エッセイ集『ちょうどいいブスのススメ』は、そうやって誰かが前向きになったり、少しでも楽しんでもらえたりしたらいいなという気持ちで書き始めました。例えば、私は少しでも着痩せしたいので、『あの服装だったら痩せて見えるんだ』というリアルな努力を見せたかったんですね。世の中の恋愛などのハウツー本の中には、上目遣いをする小悪魔キャラがモテるなんて書かれたりしていますけど、私にはできないので(笑)。そうではなく『努力次第で無理なくできることってあるんだよ』ということを伝えるモテ本にしたかったんです。ただ、世の中にはいろんな受け止め方があることにも気付かされました」
ドラマ化もされた「ちょうどいいブスのススメ」。しかし、放送前に「女性蔑視に当たる」として炎上。タイトルが変更される事態となった。

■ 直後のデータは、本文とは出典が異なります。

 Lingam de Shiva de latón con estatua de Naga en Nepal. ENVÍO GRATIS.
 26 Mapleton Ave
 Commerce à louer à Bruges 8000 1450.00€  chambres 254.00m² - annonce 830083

「タイトルが変わったこと自体は、ショックはショックですよね。ただ、発信する側に立つ以上、想像もしないところから飛んでくる批判や意見があるということを、改めて知る機会にもなりました。それ以来、『ちょうどいいブス』というフレーズを私自身が使うことも減りましたね。
もちろん、女性に対してブスとののしるようなことがなくなる社会にすべきだとは思います。ただ、ブスという言葉がたとえ世の中からなくなったとしても、人によって容姿や外見はさまざまで、『自分の見た目は人よりもイケてないかもしれない』と思ってしまう人がいるだろうことは事実ですよね。『彼は私よりあの美人と話しているときの方が楽しそう』と感じる場面もあるだろうし、逆の立場に立ってみても、イケメンとイケメンじゃない人に対して全く同じ態度を取れるかといったら自信がないです。言葉にしなくても、感じてしまう場面ってあると思うんです。そんなときに自分なりの乗り越え方を見つけられたらいいなとは考えていますね」
大きな目や小さな顔、細身のスタイル……世間一般にいわれる“カワイイ女性像”。特に日本においては、そのルッキズムが顕著だ。
「欧米人で脚が細くなく、お尻が大きくても美しい方っていますよね。だから、外見って何だろうと思った時期はありましたよ。『顔なんて、皮一枚剝いだら一緒なのに』って。結論は出ない話なんですけどね。でも、仕事でも恋愛でも、かわいい子が得をすることは絶対あると思います。だけど、そんなの悔しいじゃないですか。顔そのものの違いは変えることはできないけど、何とか持っているもので前向きに戦いたい、と私は思っています」
最近は「ブス」をネタにするのをやめる女芸人も出てくるなど、笑いの潮流さえも変わりつつある。見た目を自らイジることについて、山﨑さんはどう考えているのだろうか。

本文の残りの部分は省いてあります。